The direct impact of higher mortgage rates is on affordability. Borrowing $250,000 at 6% will result in a monthly payment of $1,500 (on a 30 year fixed rate mortgage). At 7%, the same $250,000 will cost $1,662.50 per month, an increase of 10.8%. For a borrower at their mortgage qualifying ceiling, it means they can only afford a house that is about 10% less expensive. A few years ago, a borrower might decide to shift to an Adjustable Rate Mortgage (ARM), with lower initial monthly payments, to afford a more expensive house. But ARMs have gotten a black eye in the last year, as borrowers find that those loans do adjust, and they face sharply higher monthly payments.
In the second home market, which is much of what I handle, borrowers are usually not near their mortgage qualifying ceiling and can often afford the higher payments resulting from higher mortgage rates. But in the second home market – which is discretionary, after all – there may be an indirect, more psychological impact. In primary home markets, higher interest rates may have a exert a moderating to downward pressure on prices, even in higher demand areas like NYC which have weathered the downturn quite well. There will be a segment of buyers that will have to downshift their price point to qualify for a house. A buyer that was looking in the $400,000 range when rates were around 6% may now be looking in the $350,000 to $375,000 range. There’s also the looming shadow, particularly at the "affordable" end of the market, of increasing foreclosures resulting from the resetting of adjustable rate mortgages to higher mortgage rates, resulting in a sharp rise in inventory that lenders are looking to unload.

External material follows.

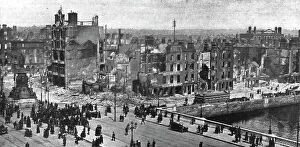 Uprising Collection: 'Dublin Apres L'Emeute; Le quartier qui a le plus souffert de l'incendie, a l'angle de... 1916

Overall, what we’re probably looking at is uncertainty over the next few months. Will interest rates go up or go down? Will foreclosures, particularly in the subprime market, increase? Will the government step in to help owners keep from losing homes to foreclosure? Uncertainty may just cause many buyers to decide to wait, to see how things settle out.
There is some good news in all of this. In news reports this week, many experts attribute the rise in interest rates to string consumer and business spending along with wage increases — which are indicators of economic strength, and reduce the likelihood that the Fed will pull back interest rates anytime soon.